Creating a chemical database¶

This tutorial is based on a similar document available from the RDKit wiki and it illustrates how to build a chemical database and perform some simple searches using Razi. The Python bindings for the RDKit libraries will be used in some data pre-processing steps, so you’ll need to have them available on your system.

Some basic understanding of SQLAlchemy is assumed. For additional details, please refer to the excellent SQLALchemy ORM tutorial.

The tutorial also assumes all commands to be entered interactively into a python shell. Since these commands also include some class and function definitions, a similar assumption is actually practical only in case a somewhat evoluted shell is used (e.g. ipython or dreampie). Users may eventually consider reading the whole tutorial first (it’s not long) and copying the commands into a single python script, and import this script into an interactive session.

Download sample data¶

Download the ChEMBLdb database and decompress it:

$ wget ftp://ftp.ebi.ac.uk/pub/databases/chembl/ChEMBLdb/releases/chembl_08/chembl_08_chemreps.txt.gz
$ gunzip chembl_08_chemreps.txt.gz

Database creation¶

Then, a new chemical database is created:

$ createdb -Udb_user -Ttemplate_rdkit razi_tutorial

This initialization step includes the installation of the RDKit PostgreSQL extension (for details about PostgreSQL+RDKit setup see the dedicated section in this document).

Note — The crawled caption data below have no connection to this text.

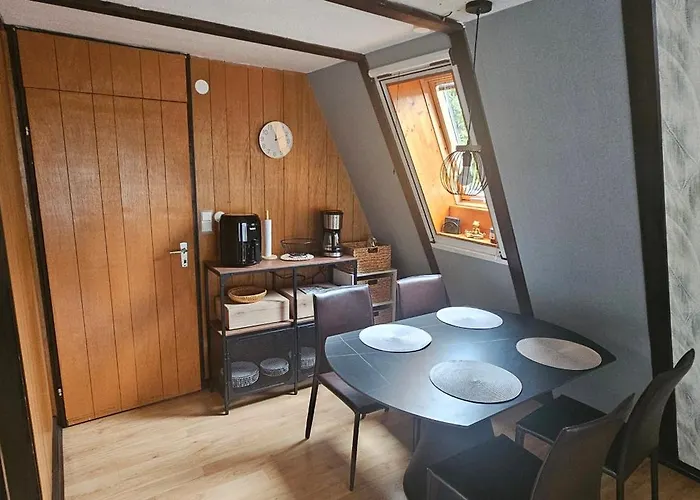 A-frame Am Ochsenkopf * Mehlmeisel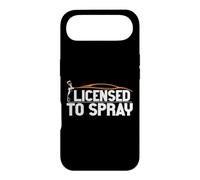 sous Licence Spray Painter Coque pour iPhone Air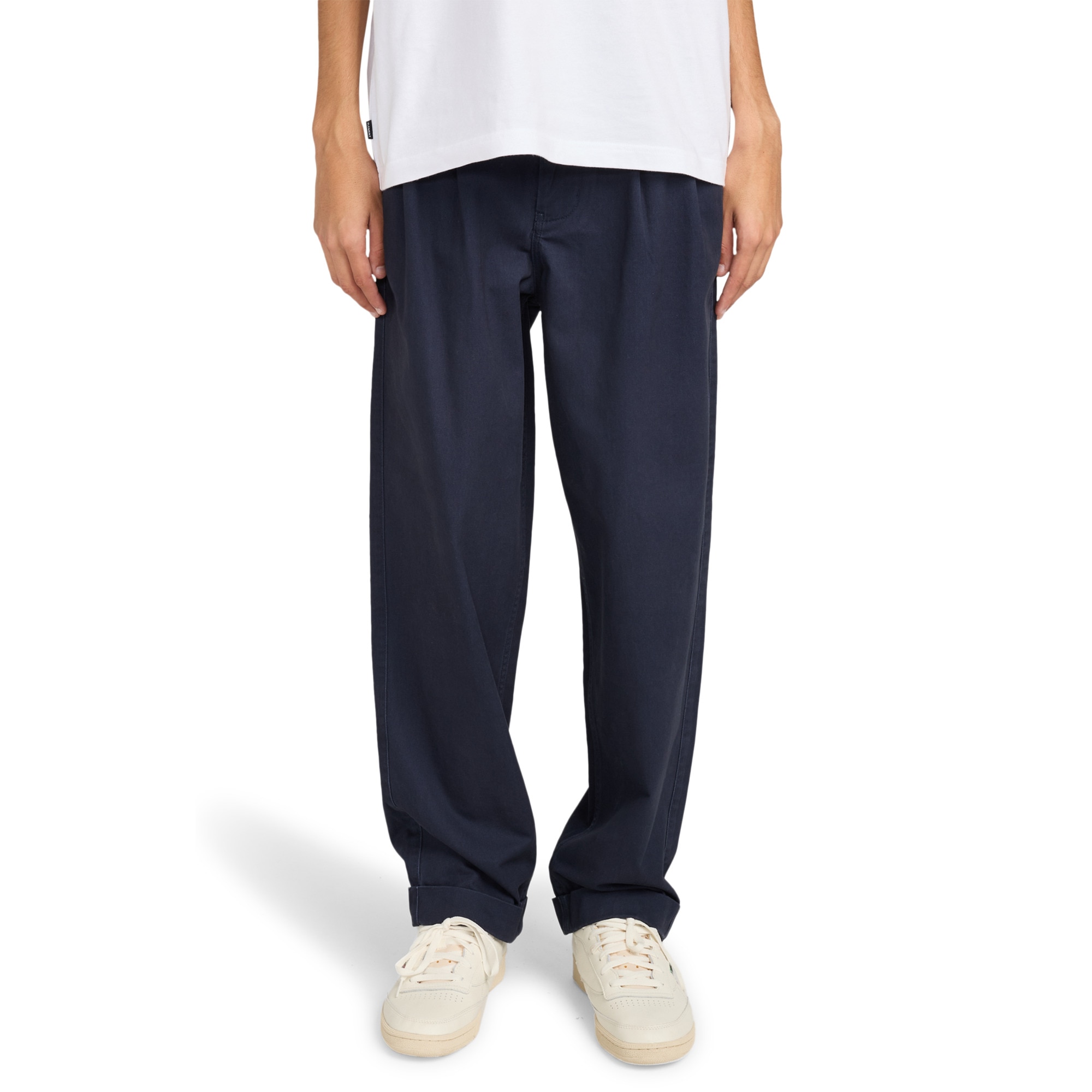 Pantalón de hombre Big Pleated Element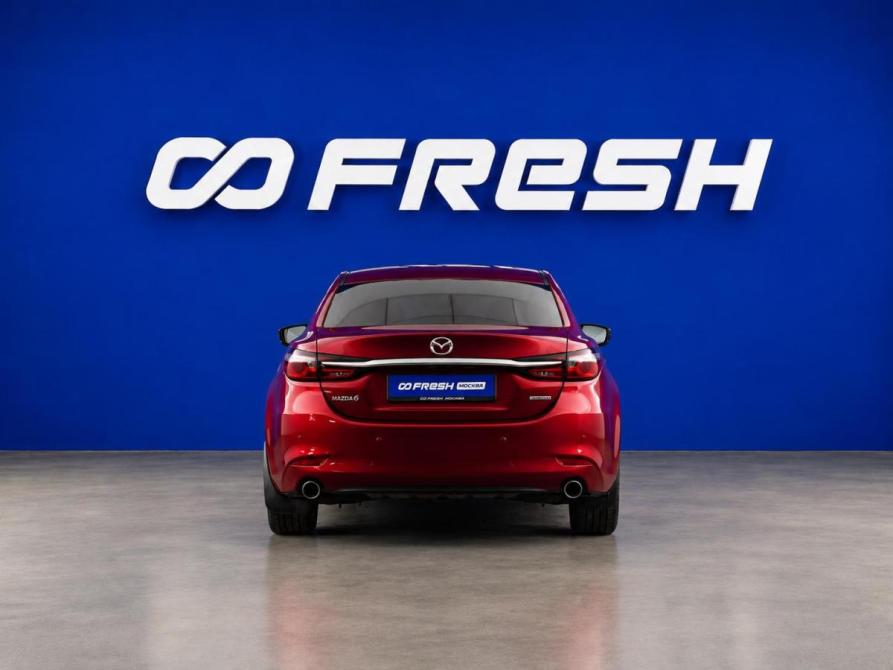 Mazda 6 III (GJ) Рестайлинг 2 Москва  - изображение 4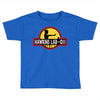 hawkins lab parody Toddler T-shirt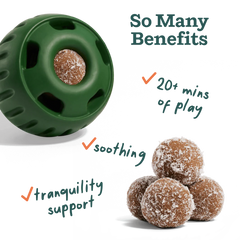 Woof Pupsicle Refill Pops for Calming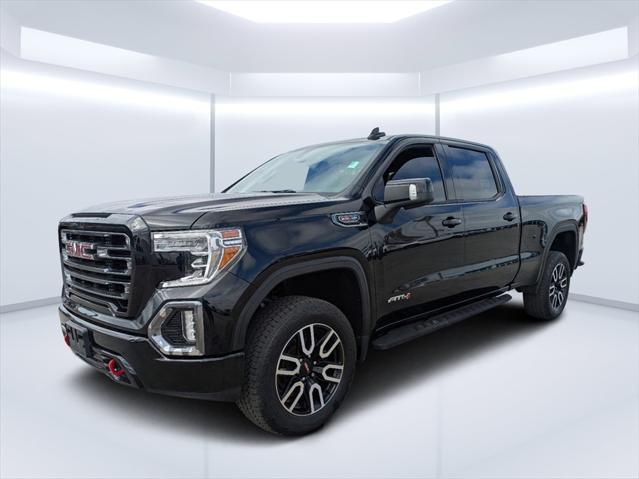 used 2022 GMC Sierra 1500 car, priced at $46,777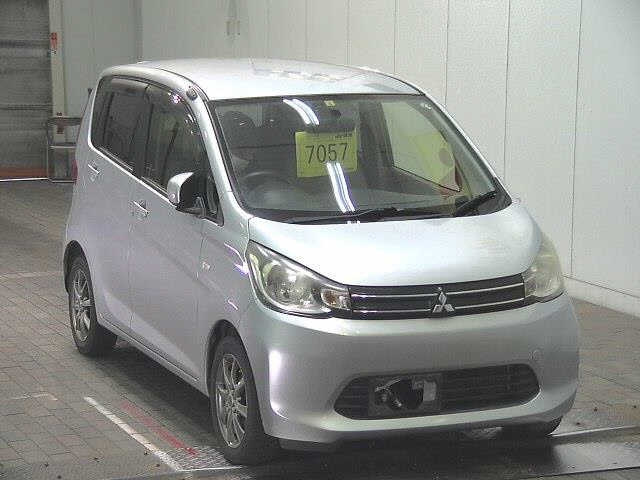 MITSUBISHI EK WAGON 2014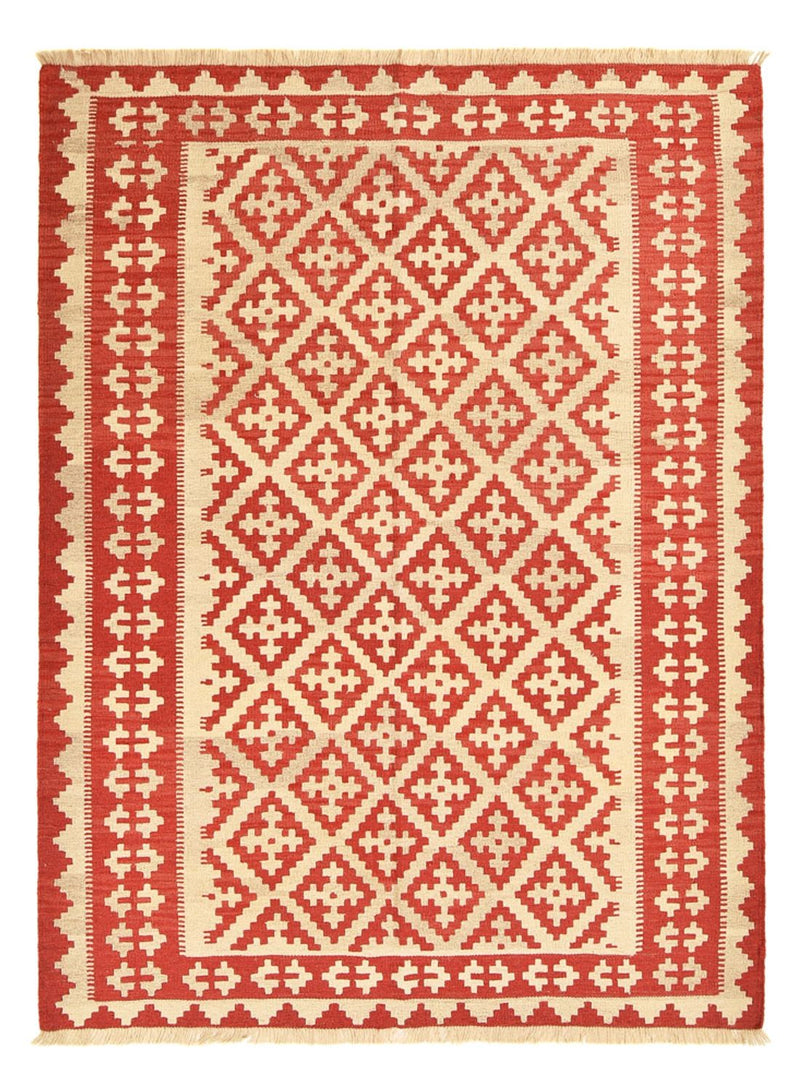 Kelim Teppich - Oriental - 238 x 174 cm - mehrfarbig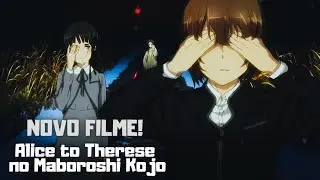 Novo anime dos estúdios MAPPA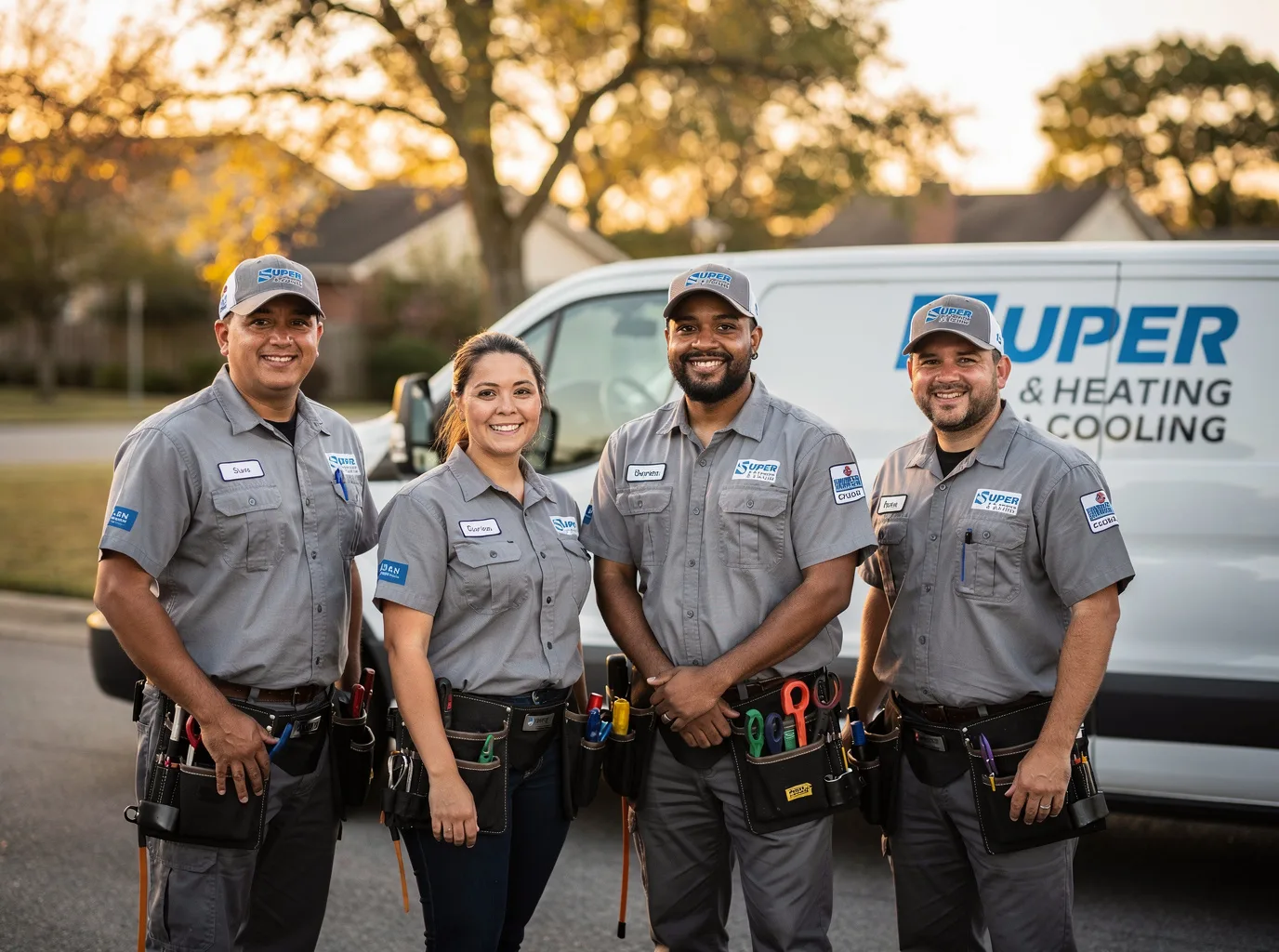 Hvac Repair company in Paige, TX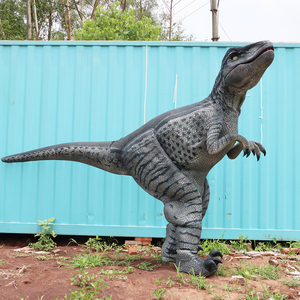 Le bleu de <span class=keywords><strong>Jurassic</strong></span> <span class=keywords><strong>World</strong></span> provient de la combinaison de performance de <span class=keywords><strong>dinosaure</strong></span> de Zigong, Chine. - Product Image 6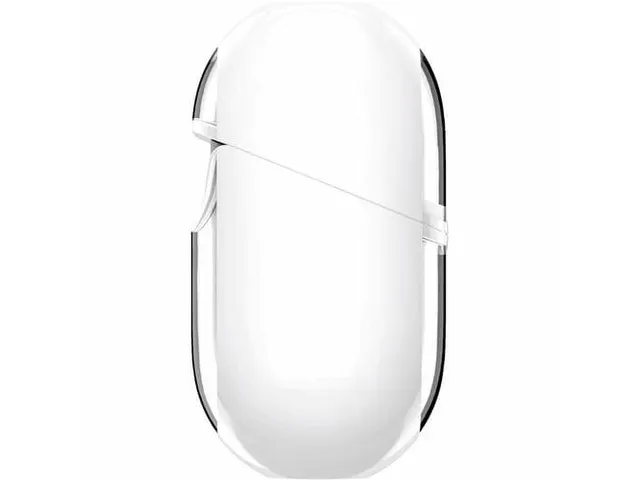 Spigen Case ACS08431 Galaxy Buds 3/3 Pro Case Ultra Hybrid Jet wit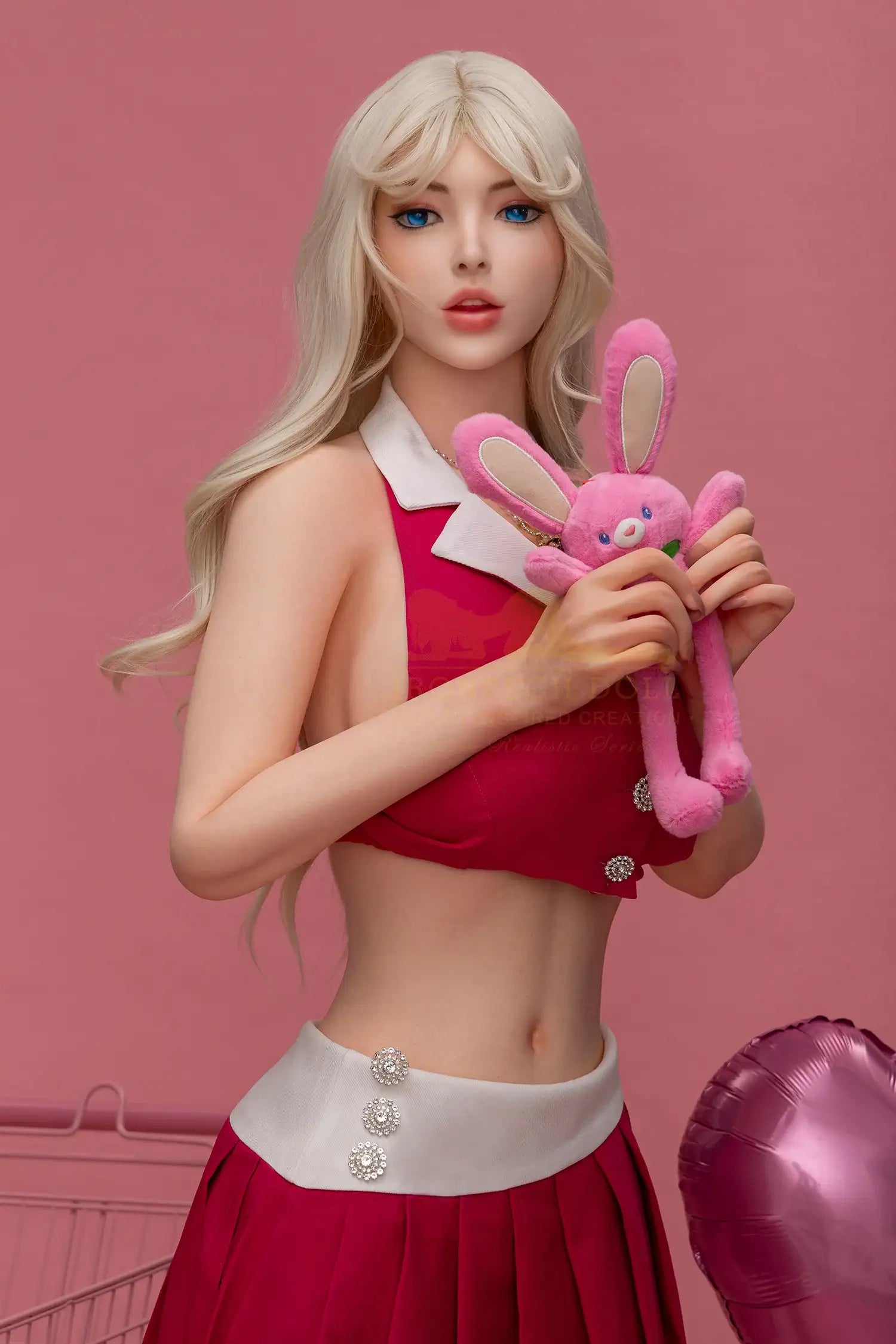 Irontech Bailey Doll 158 cm Silicone - B2 Vanessa - Frisky Business Adult Sex Toys Shop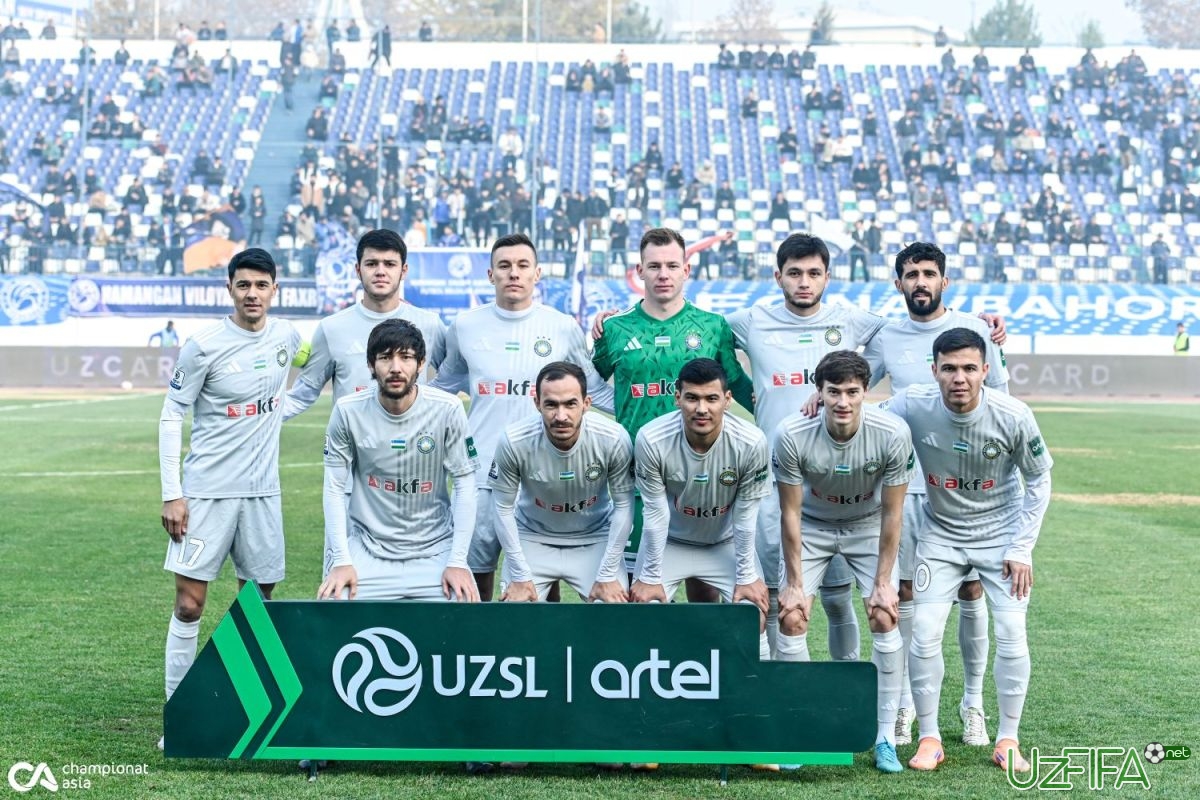                           "Paxtakor" futbolchisi OKMKga o'tmoqda 		- uzfifa.net.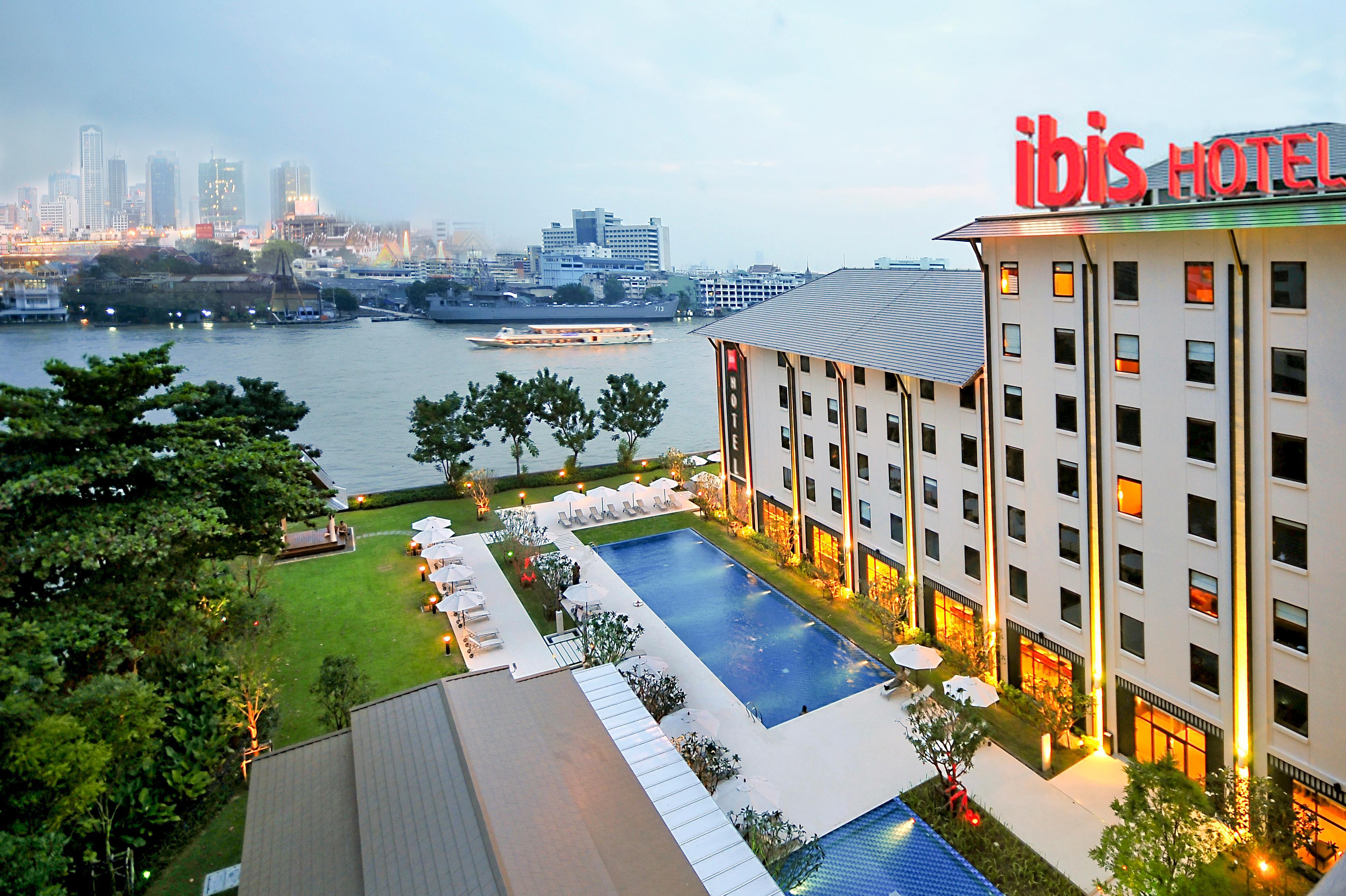Ibis Riverside Hotel Bangkok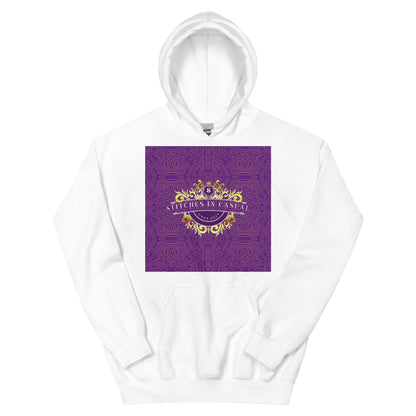 Royal Crest Hoodie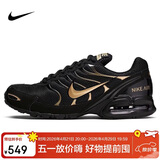 耐克NIKE休闲鞋男子气垫AIR MAX TORCH 4运动鞋CN2159-002黑金40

The database user name and password, together with the name of the database itself, are most likely to change in your case. Just replace them consistently with the values appropriate to your work environment.

Connection to the database¶

Start your python interpreter and configure a database connection:

from sqlalchemy import create_engine
engine = create_engine('postgresql://db_user:db_password@host:1234/razi_tutorial')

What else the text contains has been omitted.